# 2007 Nissan Versa S acceleration and gas consumption problems.



## skadodie (Oct 19, 2010)

i bought my pre-owned '07 versa in november of '08 with only 16,000 miles and no problems. i followed through with regular oil changes and the works.. early last year, i accidentally backed up onto a rock while in reverse, which caused a pipe (i don't remember the name of it) underneath my rear bumper to break, affecting the acceleration and gas mileage of my car. i took it into the dealership where i purchased my car and had it fixed. a little less than 2 years and 34,000 additional miles later, i'm having the same problem (only i didn't back up onto a rock this time, or anything else, for that matter..)

:wtf:

my problem for the past 2-3 months has been that i started having trouble accelerating, and the RPMs aren't catching in the right range of MPH (i hope i'm explaining this right..as in, the RPMs would struggle reaching between 2-3 while accelerating to 20mph, then again at 35 or 40 mph, etc..), and when i would let off the gas, the indicator would float from 3 RPMs to 1 RPM and then go in between 3 and 1, and when i would try to accelerate again the indicator would quickly float back to 3 or slightly above, but while having trouble accelerating. whenever i accelerate after a stop, my car takes a decent amount of time to reach 20-30mph and starts to shake a little bit and i can hear a faint puttering noise (when i first got the car i never heard that sound and my car would accelerate smoothly..)

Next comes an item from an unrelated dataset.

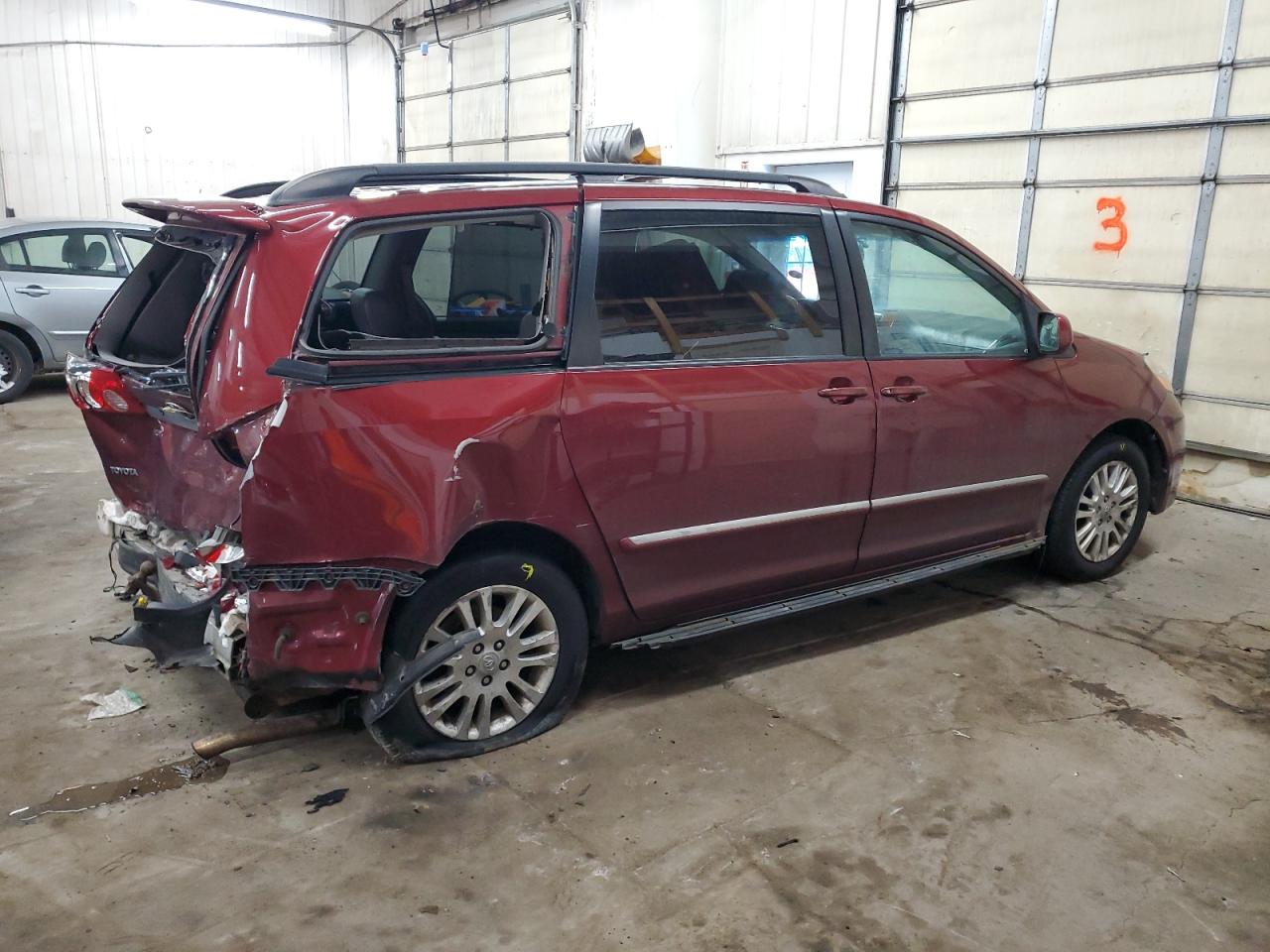 2008 Toyota Sienna - Image 3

as for gas consumption, i usually get 300 miles a tank and now i get about 225 if i'm lucky. being at 1/2 tank i usually have to fill up every 3 days, instead of once a week like i used to..it's getting very expensive to fill up so often, spending $60 a week instead of $30 

the only thing i haven't done for my car (and will still have to wait for another month or so) is to have my transmission flushed..when i hit 30,000 miles they never told me that i needed to have it flushed and at the time i wasn't aware it was supposed to be 30, 60, and 90,000 miles...when i started having problems my car was under 30,000 miles though, so..

can anyone please help? anything would be greatly appreciated, thanks.

:newbie:

:givebeer:


----------